▸ **Try it**: Some of the lines below need repeating. Reproduce exactly those between the lines holding "La bellissima spiaggia" and "Villa ou maison", inclusive.

▸ **Extracted records**:
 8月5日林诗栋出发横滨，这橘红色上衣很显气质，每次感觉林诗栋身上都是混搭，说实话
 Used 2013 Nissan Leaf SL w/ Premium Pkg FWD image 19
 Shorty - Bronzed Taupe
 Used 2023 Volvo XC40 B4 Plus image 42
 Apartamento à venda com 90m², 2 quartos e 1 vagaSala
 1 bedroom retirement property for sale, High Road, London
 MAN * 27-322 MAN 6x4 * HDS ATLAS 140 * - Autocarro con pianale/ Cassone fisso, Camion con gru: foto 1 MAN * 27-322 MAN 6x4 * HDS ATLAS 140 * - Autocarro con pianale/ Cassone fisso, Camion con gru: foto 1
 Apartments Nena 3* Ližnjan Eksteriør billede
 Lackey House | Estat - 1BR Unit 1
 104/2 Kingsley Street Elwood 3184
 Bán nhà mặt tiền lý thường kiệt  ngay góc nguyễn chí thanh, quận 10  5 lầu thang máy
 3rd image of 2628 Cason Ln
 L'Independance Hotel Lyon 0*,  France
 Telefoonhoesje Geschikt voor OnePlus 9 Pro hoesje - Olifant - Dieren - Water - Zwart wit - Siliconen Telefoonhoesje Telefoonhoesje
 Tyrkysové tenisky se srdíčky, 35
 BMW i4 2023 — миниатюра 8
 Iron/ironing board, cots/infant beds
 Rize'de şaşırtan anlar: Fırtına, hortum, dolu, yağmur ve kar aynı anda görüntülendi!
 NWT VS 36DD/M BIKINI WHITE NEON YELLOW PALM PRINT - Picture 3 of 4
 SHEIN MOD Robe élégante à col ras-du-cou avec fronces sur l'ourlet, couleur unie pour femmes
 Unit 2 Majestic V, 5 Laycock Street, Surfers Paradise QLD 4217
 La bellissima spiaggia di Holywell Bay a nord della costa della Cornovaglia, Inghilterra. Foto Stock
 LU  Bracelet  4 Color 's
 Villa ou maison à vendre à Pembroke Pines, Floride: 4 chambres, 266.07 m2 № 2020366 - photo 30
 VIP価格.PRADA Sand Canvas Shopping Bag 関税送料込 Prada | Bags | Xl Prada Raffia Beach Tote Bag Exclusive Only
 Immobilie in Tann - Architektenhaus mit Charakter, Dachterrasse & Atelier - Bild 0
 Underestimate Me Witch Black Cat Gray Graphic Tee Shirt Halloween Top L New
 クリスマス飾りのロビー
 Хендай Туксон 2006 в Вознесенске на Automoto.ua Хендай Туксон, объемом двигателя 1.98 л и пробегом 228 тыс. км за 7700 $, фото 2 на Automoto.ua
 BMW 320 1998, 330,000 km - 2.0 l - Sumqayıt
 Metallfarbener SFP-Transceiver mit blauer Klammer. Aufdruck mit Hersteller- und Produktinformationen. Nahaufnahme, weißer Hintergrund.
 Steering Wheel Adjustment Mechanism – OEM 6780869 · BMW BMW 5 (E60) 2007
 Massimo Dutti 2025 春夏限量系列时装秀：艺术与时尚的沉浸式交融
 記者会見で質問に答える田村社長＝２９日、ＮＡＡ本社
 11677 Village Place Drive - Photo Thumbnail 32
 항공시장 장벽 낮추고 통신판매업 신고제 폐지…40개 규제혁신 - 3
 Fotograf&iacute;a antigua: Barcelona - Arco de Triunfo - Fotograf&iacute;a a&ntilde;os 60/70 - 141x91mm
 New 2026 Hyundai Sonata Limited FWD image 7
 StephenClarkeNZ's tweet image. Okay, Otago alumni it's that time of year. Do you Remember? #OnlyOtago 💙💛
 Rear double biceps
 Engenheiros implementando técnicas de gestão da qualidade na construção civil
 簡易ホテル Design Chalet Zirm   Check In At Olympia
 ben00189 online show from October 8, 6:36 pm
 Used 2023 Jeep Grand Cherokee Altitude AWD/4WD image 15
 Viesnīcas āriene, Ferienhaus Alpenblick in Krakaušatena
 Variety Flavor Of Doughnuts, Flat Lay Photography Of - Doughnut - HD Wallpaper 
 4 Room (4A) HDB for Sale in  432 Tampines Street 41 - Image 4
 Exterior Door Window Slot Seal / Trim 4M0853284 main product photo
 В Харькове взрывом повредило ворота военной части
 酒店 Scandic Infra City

▸ **Answer to this exercise**:
 La bellissima spiaggia di Holywell Bay a nord della costa della Cornovaglia, Inghilterra. Foto Stock
 LU  Bracelet  4 Color 's
 Villa ou maison à vendre à Pembroke Pines, Floride: 4 chambres, 266.07 m2 № 2020366 - photo 30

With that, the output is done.